Le collège de Tafoughalt dans la commune d’Aït Yahia Moussa est le premier établissement de ce genre construit dans un village au début des années 80. Plus tard, il a été baptisé du nom du
chahid Meddour Rabah tombé au champ d’honneur en mars 1955.
La réalisation de ce CEM dans ce village a évité le déplacement de plusieurs générations pour étudier soit à Oued Ksari soit à Draâ El Mizan d’une part, et il faudra aussi dire qu’il a soulagé un tant soit peu le CEM Frères-Oudni qui avait longuement souffert d’effectifs pléthoriques d’autre part.
Certes, ce collège n’a subi aucune dégradation grâce au du personnel qui a veillé à son entretien mais depuis longtemps il est attendu de le clôturer en dur.

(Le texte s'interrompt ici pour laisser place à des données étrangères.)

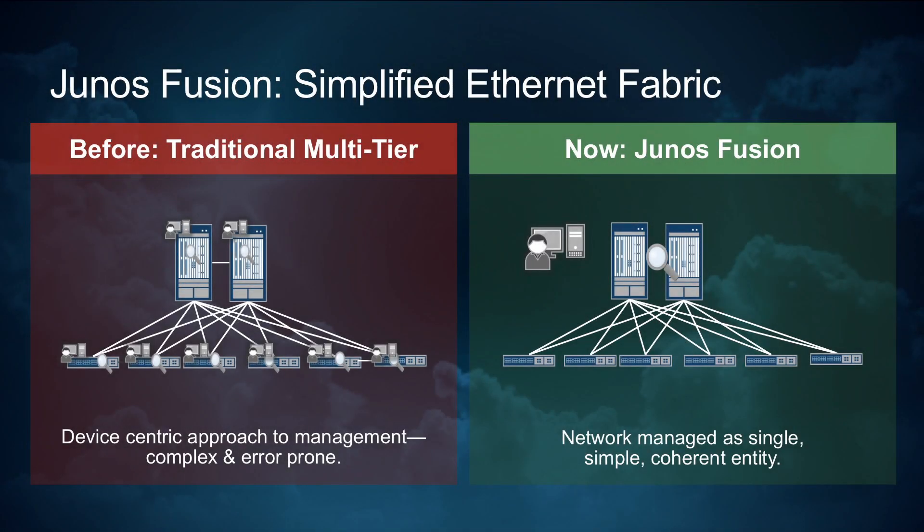On the topic of making the network easier to operate, we are also introducing Junos Fusion. Junos Fusion is a simple, automated, and highly scalable data center network fabric that's enabled by the QFX 10,000 line. Junos Fusion uses the QFX 10,000 line at the spine and aggregation layer in conjunction with the QFX 5100. With Junos Fusion, network operators can manage the network as a single logical entity. This means that Junos Fusion eliminates the need to provision, manage, and deploy individual switches as point devices in the network.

« Une enveloppe lui a été dégagée pour servir à une clôture en dur. Le projet sera confié incessamment », nous a déclaré le maire d’Aït Yahia Moussa, Rabah Menguellet. Pour ce responsable, cette décision est une très bonne chose car ce n’est plus le temps de grillager un établissement comme celui-ci. Par ailleurs, notre interlocuteur nous a confié que le projet de cantine scolaire est sur le point d’être lancé. « La première entreprise s’est désistée mais les services de la Such m’ont assuré qu’il sera confié incessamment », a-t-il enchaîné. Au niveau de ce collège, la direction ne ménage aucun effort pour mettre les collégiens à l’aise.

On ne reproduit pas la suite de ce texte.